» **Exercise requirements**
Extract all lines from the data beneath that include the word "quickly".

• • • • •

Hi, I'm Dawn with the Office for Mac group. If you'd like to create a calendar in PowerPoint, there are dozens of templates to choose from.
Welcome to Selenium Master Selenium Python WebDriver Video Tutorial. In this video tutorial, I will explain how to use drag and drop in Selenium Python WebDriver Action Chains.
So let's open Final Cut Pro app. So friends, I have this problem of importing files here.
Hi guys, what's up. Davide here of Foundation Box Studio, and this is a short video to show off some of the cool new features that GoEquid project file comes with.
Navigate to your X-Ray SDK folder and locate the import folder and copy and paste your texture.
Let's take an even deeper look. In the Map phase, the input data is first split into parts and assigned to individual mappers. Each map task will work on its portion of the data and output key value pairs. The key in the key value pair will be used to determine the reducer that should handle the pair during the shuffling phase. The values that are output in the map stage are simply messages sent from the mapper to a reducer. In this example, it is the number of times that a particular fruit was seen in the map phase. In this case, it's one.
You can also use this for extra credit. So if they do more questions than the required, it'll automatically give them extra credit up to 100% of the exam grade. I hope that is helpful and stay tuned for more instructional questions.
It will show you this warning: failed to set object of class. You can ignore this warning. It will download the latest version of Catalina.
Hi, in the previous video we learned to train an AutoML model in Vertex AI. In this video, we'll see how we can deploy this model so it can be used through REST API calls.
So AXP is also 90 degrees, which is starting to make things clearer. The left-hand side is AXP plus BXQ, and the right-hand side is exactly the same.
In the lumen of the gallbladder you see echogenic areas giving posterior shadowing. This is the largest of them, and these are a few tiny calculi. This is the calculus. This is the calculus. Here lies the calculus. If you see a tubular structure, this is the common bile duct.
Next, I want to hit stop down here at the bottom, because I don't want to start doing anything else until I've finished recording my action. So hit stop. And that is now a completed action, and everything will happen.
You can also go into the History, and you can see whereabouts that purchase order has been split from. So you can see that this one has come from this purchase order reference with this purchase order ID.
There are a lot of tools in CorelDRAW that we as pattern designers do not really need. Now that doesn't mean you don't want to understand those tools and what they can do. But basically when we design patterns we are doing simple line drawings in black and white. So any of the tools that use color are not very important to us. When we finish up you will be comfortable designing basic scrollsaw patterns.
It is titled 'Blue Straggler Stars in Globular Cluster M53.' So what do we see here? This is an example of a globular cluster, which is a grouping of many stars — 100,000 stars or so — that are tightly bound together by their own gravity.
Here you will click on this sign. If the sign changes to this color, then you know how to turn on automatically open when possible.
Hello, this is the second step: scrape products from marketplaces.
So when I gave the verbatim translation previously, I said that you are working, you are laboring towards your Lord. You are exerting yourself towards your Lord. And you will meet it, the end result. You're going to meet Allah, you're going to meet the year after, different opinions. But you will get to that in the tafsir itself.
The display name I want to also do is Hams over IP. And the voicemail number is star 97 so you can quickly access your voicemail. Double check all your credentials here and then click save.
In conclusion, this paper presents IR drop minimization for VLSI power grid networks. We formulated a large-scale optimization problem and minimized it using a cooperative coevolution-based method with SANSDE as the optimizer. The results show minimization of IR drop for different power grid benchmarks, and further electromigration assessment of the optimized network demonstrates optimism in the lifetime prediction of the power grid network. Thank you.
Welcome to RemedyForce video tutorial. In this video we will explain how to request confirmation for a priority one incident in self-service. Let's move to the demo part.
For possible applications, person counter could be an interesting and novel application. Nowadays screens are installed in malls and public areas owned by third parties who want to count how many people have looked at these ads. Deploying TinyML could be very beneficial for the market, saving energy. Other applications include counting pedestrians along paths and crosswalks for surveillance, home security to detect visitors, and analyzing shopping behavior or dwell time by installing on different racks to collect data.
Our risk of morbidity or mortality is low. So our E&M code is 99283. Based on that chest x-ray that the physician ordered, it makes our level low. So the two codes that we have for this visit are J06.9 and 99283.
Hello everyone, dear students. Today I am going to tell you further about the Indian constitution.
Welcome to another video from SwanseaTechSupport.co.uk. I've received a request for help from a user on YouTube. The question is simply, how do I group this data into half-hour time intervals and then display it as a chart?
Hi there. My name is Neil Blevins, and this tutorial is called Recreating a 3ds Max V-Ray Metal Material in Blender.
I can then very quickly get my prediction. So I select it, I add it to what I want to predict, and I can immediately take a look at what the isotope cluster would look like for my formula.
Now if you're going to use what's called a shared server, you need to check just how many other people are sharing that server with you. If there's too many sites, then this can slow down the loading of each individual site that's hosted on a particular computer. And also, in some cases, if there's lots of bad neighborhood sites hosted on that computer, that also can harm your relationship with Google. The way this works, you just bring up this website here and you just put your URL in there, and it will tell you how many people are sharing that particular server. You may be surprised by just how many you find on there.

• • • • •

» **Exercise answer**
The display name I want to also do is Hams over IP. And the voicemail number is star 97 so you can quickly access your voicemail. Double check all your credentials here and then click save.
I can then very quickly get my prediction. So I select it, I add it to what I want to predict, and I can immediately take a look at what the isotope cluster would look like for my formula.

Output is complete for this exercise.